# REQUIREMENT:
For this exercise, reproduce the records exactly as they stand and do not carry any images over.

# Saved entries:

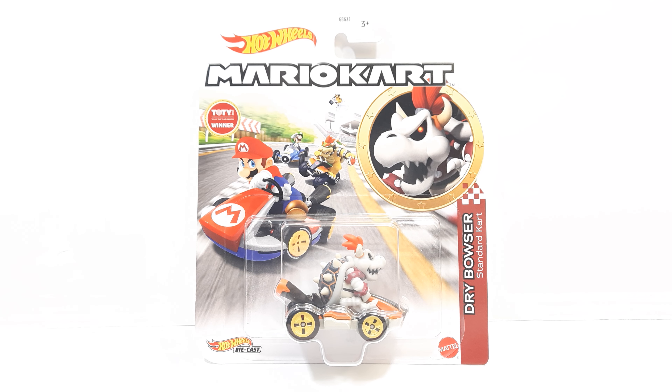Hello everyone! In today's video I'm reviewing the Mario Kart Hot Wheels Dry Bowser and standard kart. I've been looking for this figure for a long, long time, and I finally found it. I did purchase the Mario Kart Hot Wheels Dry Bowser on eBay yesterday for a fair price — a little over store price, of course, which is expected when buying online.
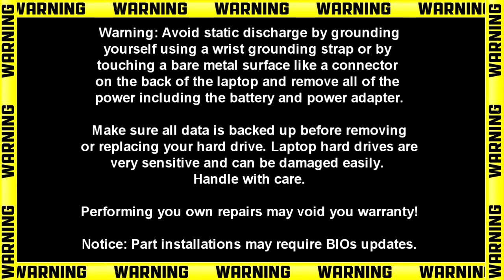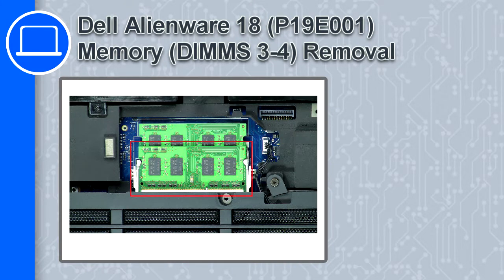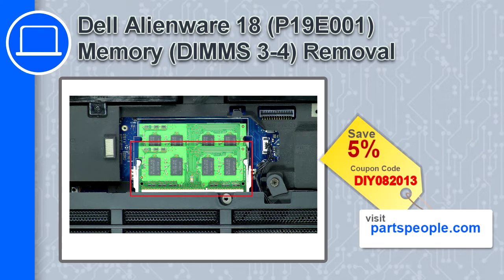Hey, how's it going? This is Ricardo, and in this video I'll show you how to remove the memory from a Dell Alienware 18. If you're looking for parts for this laptop, go to our website and use this coupon for a 5% off discount.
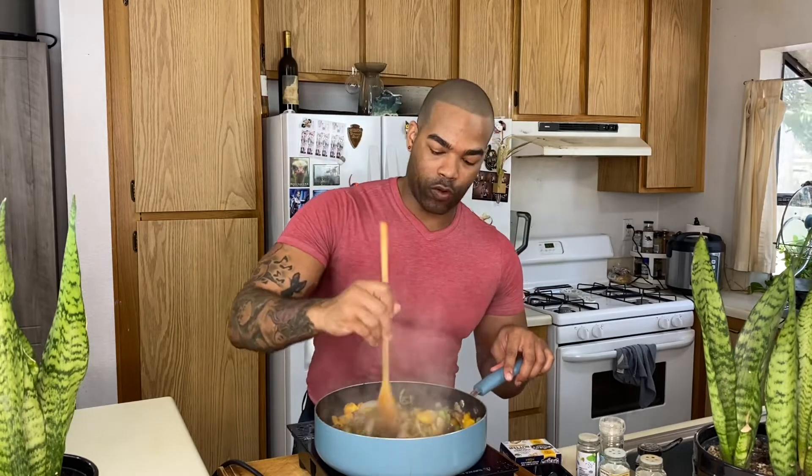We're also going to add our bell peppers — I'm using an orange one and a green one. The orange one will be nice and sweet, and the green one will have more of a softer, savory crunch. The onions and mushrooms have been cooking for about 15 minutes total. Add in your bell peppers and you will be golden — that's beautiful. We're going to set this aside and start working on our jackfruit.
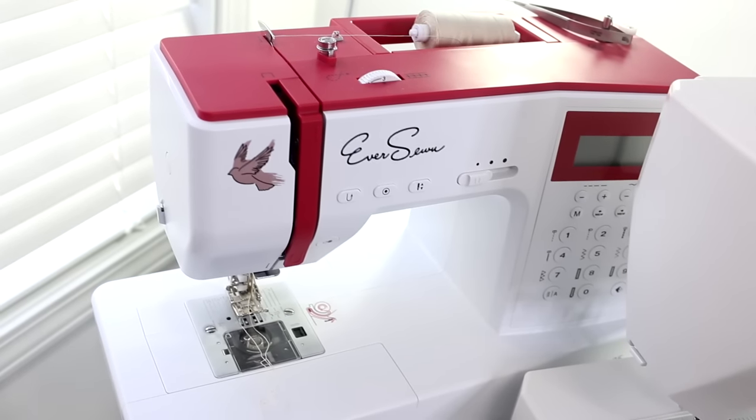The model that I have has a lot of computerized functions — it's got the thread cutter, needle up and down, and I've tried using the letter stitches and I really like them. The letters are very nicely designed and they look like monograms. You can't make them super big, but for doing smaller items or putting someone's name on something, I think it's a really great feature to have in a $330 machine.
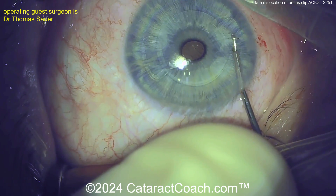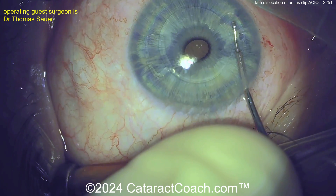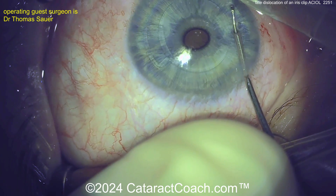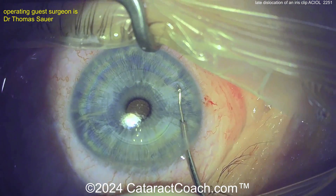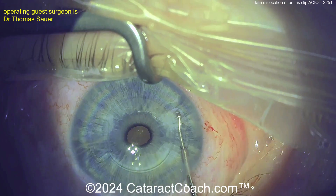If you didn't have this spreader, I'd just stabilize the optic with my left hand — maybe put a spatula on top of the optic — and then use the enclavation tool to grab a good knuckle of iris and bring it up through the claw. But I do like the spreader technique. I don't think I have one of these on my surgical trays — I'll have to look into it.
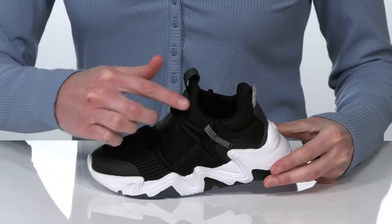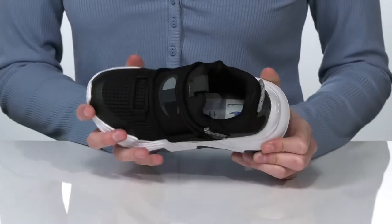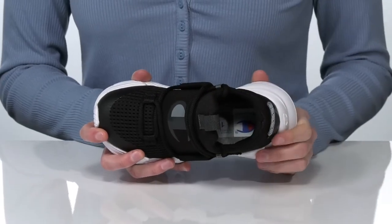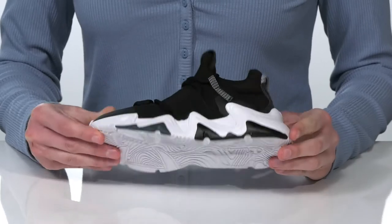They have an untraditional lace-up closure that will offer a secure fit. Inside, there's a cushioned collar and padded footbed for comfort. It all sits on top of a textured outsole.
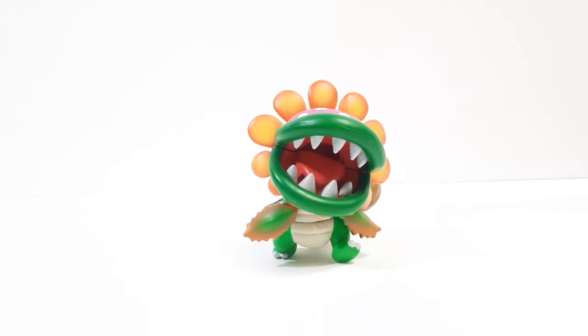Hello everyone. In today's video I'm going to be reviewing the Super Mario Galaxy Band Presto keychain of Dino Piranha.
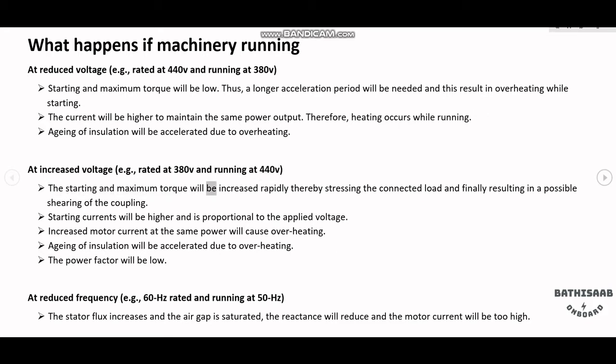At increased voltage — for example, rated at 380V and running at 440V — the starting and maximum torque will be increased rapidly, thereby stressing the connected load and potentially resulting in shearing of the coupling. Starting currents will be higher and are proportional to the applied voltage.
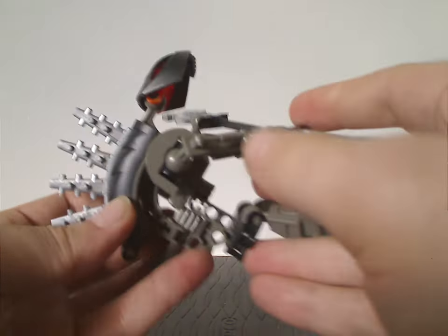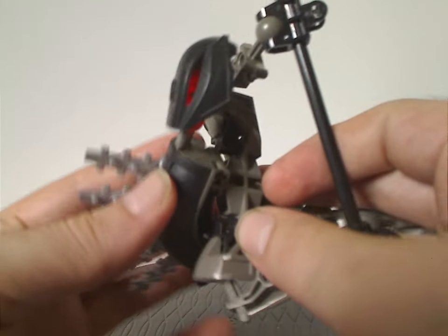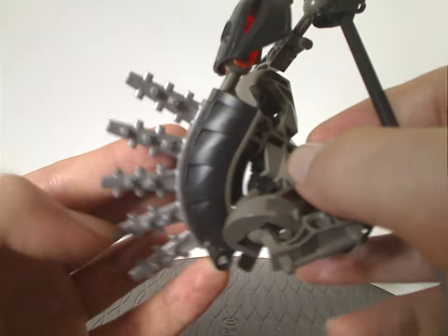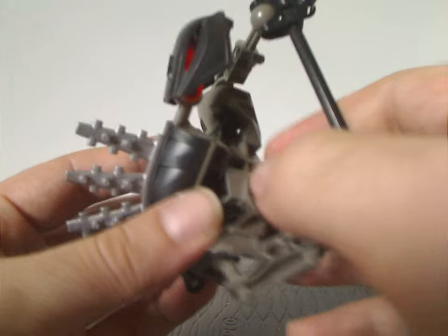It also has the spine part, which kind of represents like buzz saws, with how it's like that — although kind of reminiscent of Onua Nuva's saw blades.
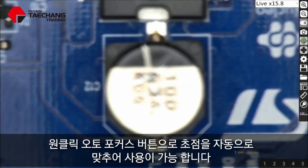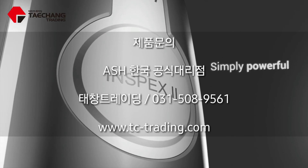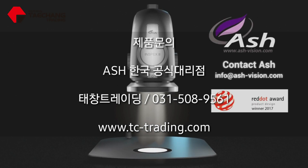A one-click autofocus on-screen indicator makes it suitable for a wide range of applications. Simply powerful — Inspects 2. Visit ashvision.com now or contact ASH to learn more.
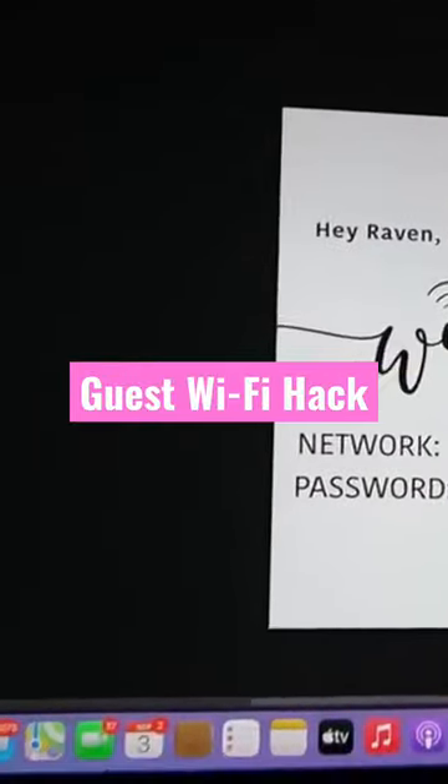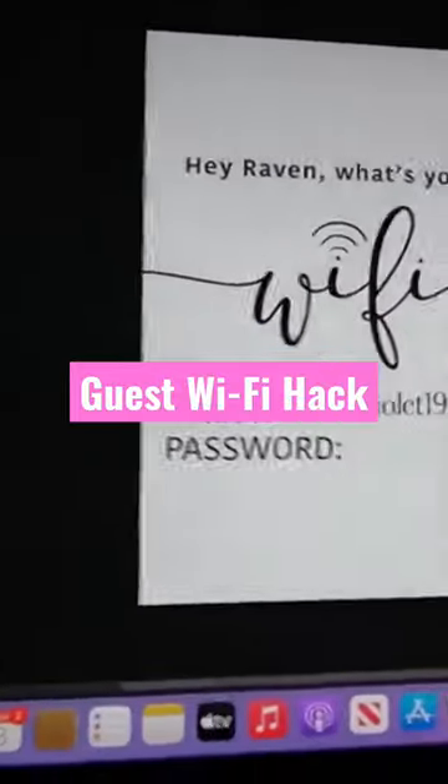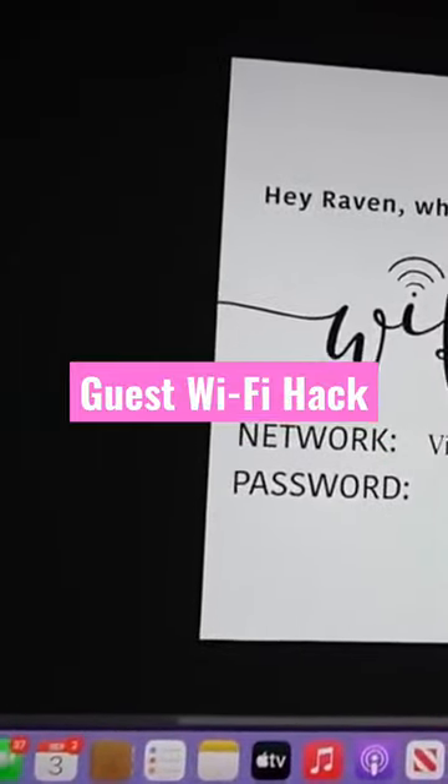I threw together a quick little text graphic for the wifi sign. I said, 'Hey Raven, what's your wifi?' — because that's what everyone always says. And then I have a spot for the network and the password.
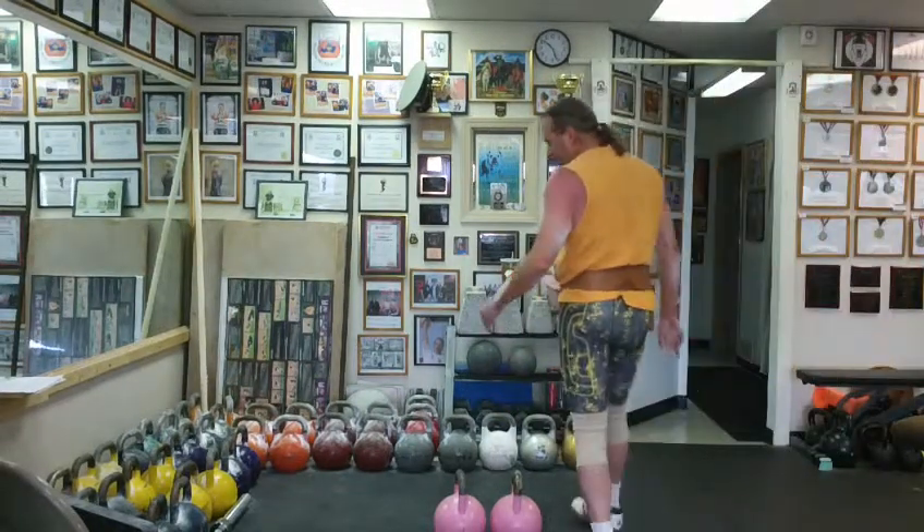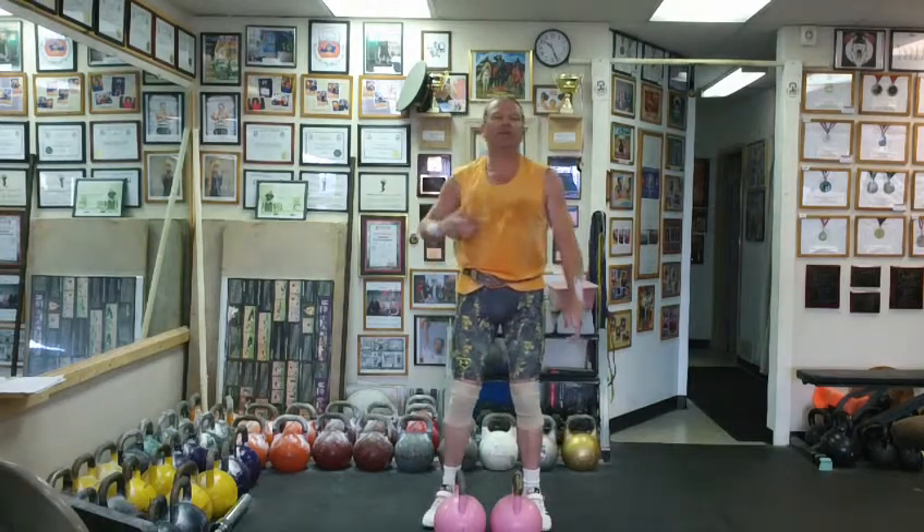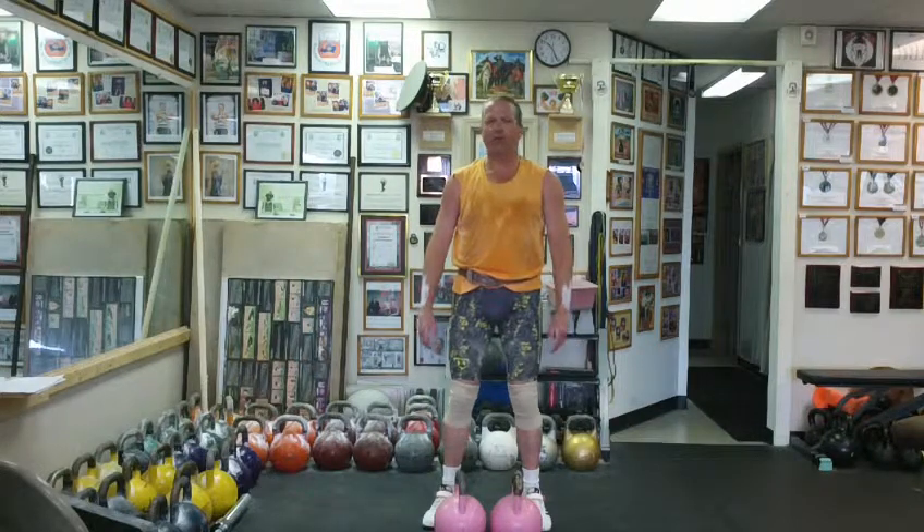Okay, I have a set of jerks. Three minute set with two 8-kilogram bells. We're going to go 14-15 reps a minute. Try to really work on my technique and my form.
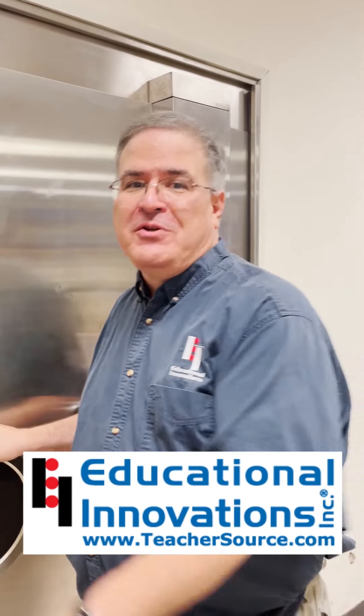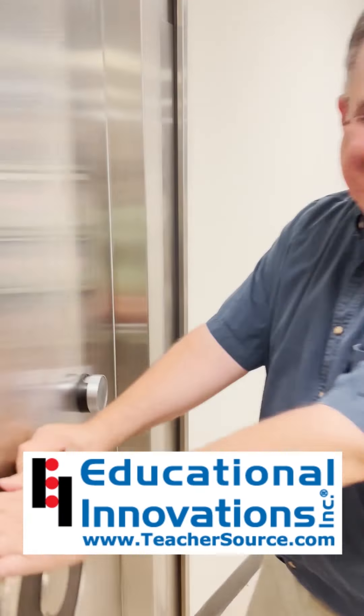Hi, I'm Ted and welcome to my Vault of Science! Who says you have to wait until winter to play in the snow? Let's just make our own!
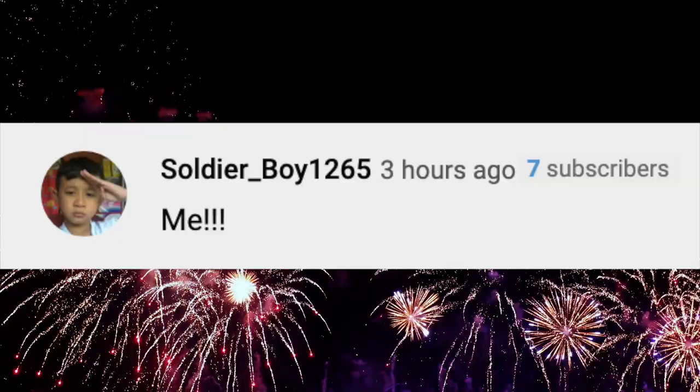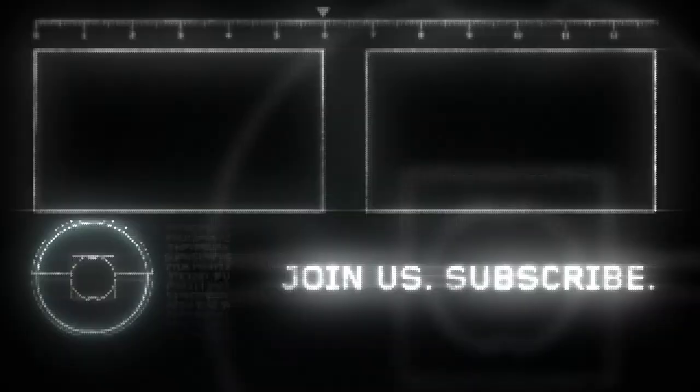If you like this video, be sure to hit the like button and share it with your friends. Also, don't forget to subscribe and hit that notifications bell. Be happy. Peace out.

# COMPLETED TASK:
Hello everyone! In today's video I'm reviewing the Mario Kart Hot Wheels Dry Bowser and standard kart. I've been looking for this figure for a long, long time, and I finally found it. I did purchase the Mario Kart Hot Wheels Dry Bowser on eBay yesterday for a fair price — a little over store price, of course, which is expected when buying online.
Hey, how's it going? This is Ricardo, and in this video I'll show you how to remove the memory from a Dell Alienware 18. If you're looking for parts for this laptop, go to our website and use this coupon for a 5% off discount.
We're also going to add our bell peppers — I'm using an orange one and a green one. The orange one will be nice and sweet, and the green one will have more of a softer, savory crunch. The onions and mushrooms have been cooking for about 15 minutes total. Add in your bell peppers and you will be golden — that's beautiful. We're going to set this aside and start working on our jackfruit.
The model that I have has a lot of computerized functions — it's got the thread cutter, needle up and down, and I've tried using the letter stitches and I really like them. The letters are very nicely designed and they look like monograms. You can't make them super big, but for doing smaller items or putting someone's name on something, I think it's a really great feature to have in a $330 machine.
If you didn't have this spreader, I'd just stabilize the optic with my left hand — maybe put a spatula on top of the optic — and then use the enclavation tool to grab a good knuckle of iris and bring it up through the claw. But I do like the spreader technique. I don't think I have one of these on my surgical trays — I'll have to look into it.
They have an untraditional lace-up closure that will offer a secure fit. Inside, there's a cushioned collar and padded footbed for comfort. It all sits on top of a textured outsole.
Hello everyone. In today's video I'm going to be reviewing the Super Mario Galaxy Band Presto keychain of Dino Piranha.
At increased voltage — for example, rated at 380V and running at 440V — the starting and maximum torque will be increased rapidly, thereby stressing the connected load and potentially resulting in shearing of the coupling. Starting currents will be higher and are proportional to the applied voltage.
It also has the spine part, which kind of represents like buzz saws, with how it's like that — although kind of reminiscent of Onua Nuva's saw blades.
A one-click autofocus on-screen indicator makes it suitable for a wide range of applications. Simply powerful — Inspects 2. Visit ashvision.com now or contact ASH to learn more.
I threw together a quick little text graphic for the wifi sign. I said, 'Hey Raven, what's your wifi?' — because that's what everyone always says. And then I have a spot for the network and the password.
Okay, I have a set of jerks. Three minute set with two 8-kilogram bells. We're going to go 14-15 reps a minute. Try to really work on my technique and my form.
Hi, I'm Ted and welcome to my Vault of Science! Who says you have to wait until winter to play in the snow? Let's just make our own!
If you like this video, be sure to hit the like button and share it with your friends. Also, don't forget to subscribe and hit that notifications bell. Be happy. Peace out.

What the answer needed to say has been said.